SIR,—To perform my late promise to you, I shall without further ceremony acquaint you, that in the beginning of the year 1666 (at which time I applied myself to the grinding of optic glasses of other figures than spherical,) I procured a triangular glass prism, to try therewith the celebrated phænomena of colours. And for that purpose having darkened my chamber, and made a small hole in my window shuts, to let in a convenient quantity of the sun's light, I placed my prism at his entrance, that it might be thereby refracted to the opposite wall. It was at first a very pleasing diversion to view the vivid and intense colours produced thereby; but after a while applying myself to consider them more circumspectly, I was surprised to see them in an oblong form; which according to the received laws of refraction, I expected would have been circular. They were terminated at the sides with strait lines, but at the ends, the decay of light was so gradual, that it was difficult to determine justly what was their figure; yet they seemed semicircular.
Comparing the length of this coloured spectrum with its breadth, I found it about five times greater; a disproportion so extravagant, that it excited me to a more than ordinary curiosity of examining from whence it might proceed. I could scarce think, that the various thickness of the glass, or the termination with shadow or darkness, could have any influence on light to produce such an effect; yet I thought it not amiss, first to examine those circumstances, and so tried what would happen by transmitting light through parts of the glass of divers thicknesses, or through holes in the window of divers sizes, or by setting the prism without, so that the light might pass through it, and be refracted before it was terminated by the hole: but I found none of those circumstances material. The fashion of the colours was in all these cases the same.

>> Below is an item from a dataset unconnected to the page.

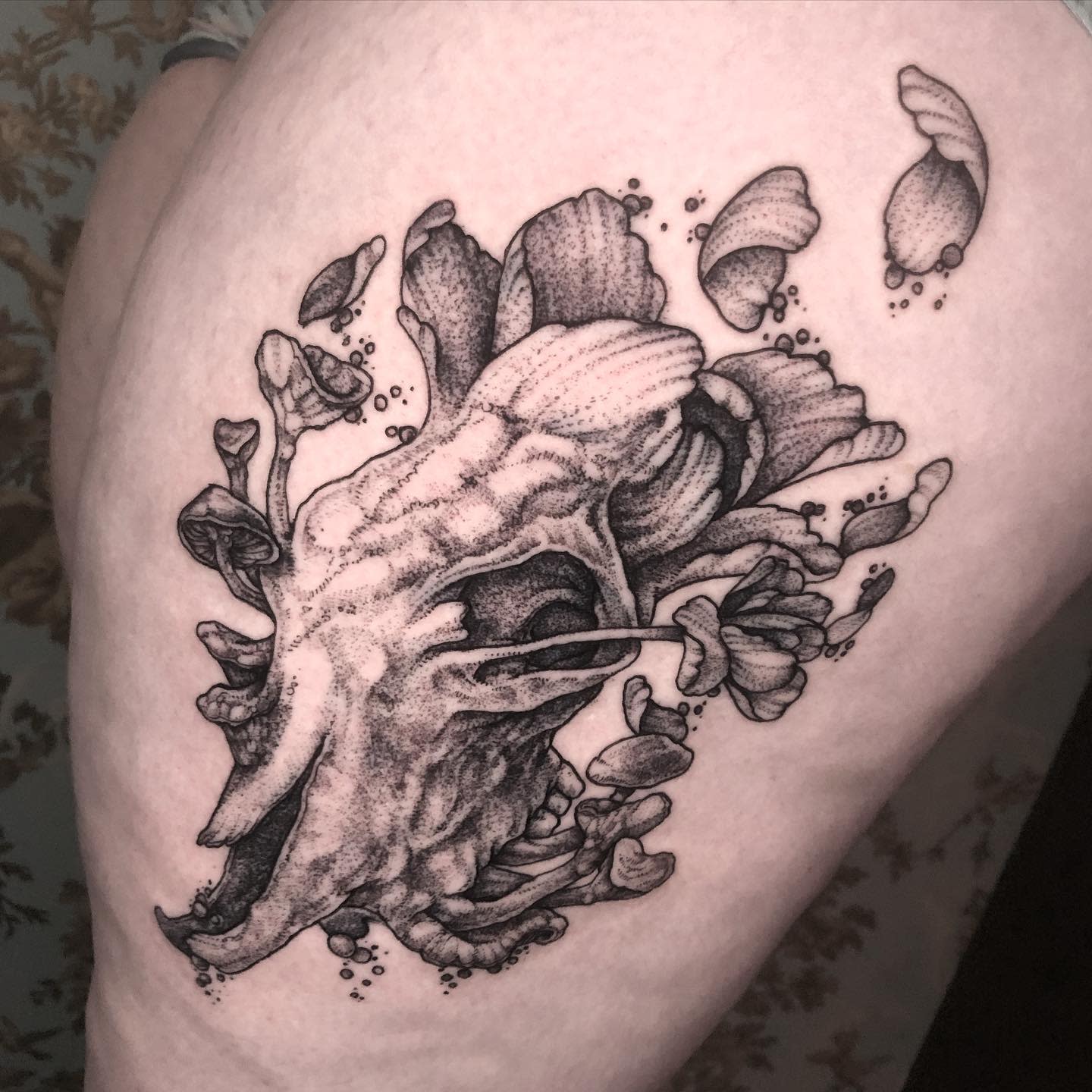 Black and white tattoo of a skull surrounded by abstract floral elements on an arm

Then I suspected, whether by any unevenness in the glass; or other contingent irregularity, these colours might be thus dilated. And to try this, I took another prism like the former, and so placed it, that the light passing through them both, might be refracted con-
- ↑ This letter communicated to the editor of the transactions of the Royal Society on February 6, 1672, contains the first statement of Newton's discovery of the different colors and refrangibility of the rays of light.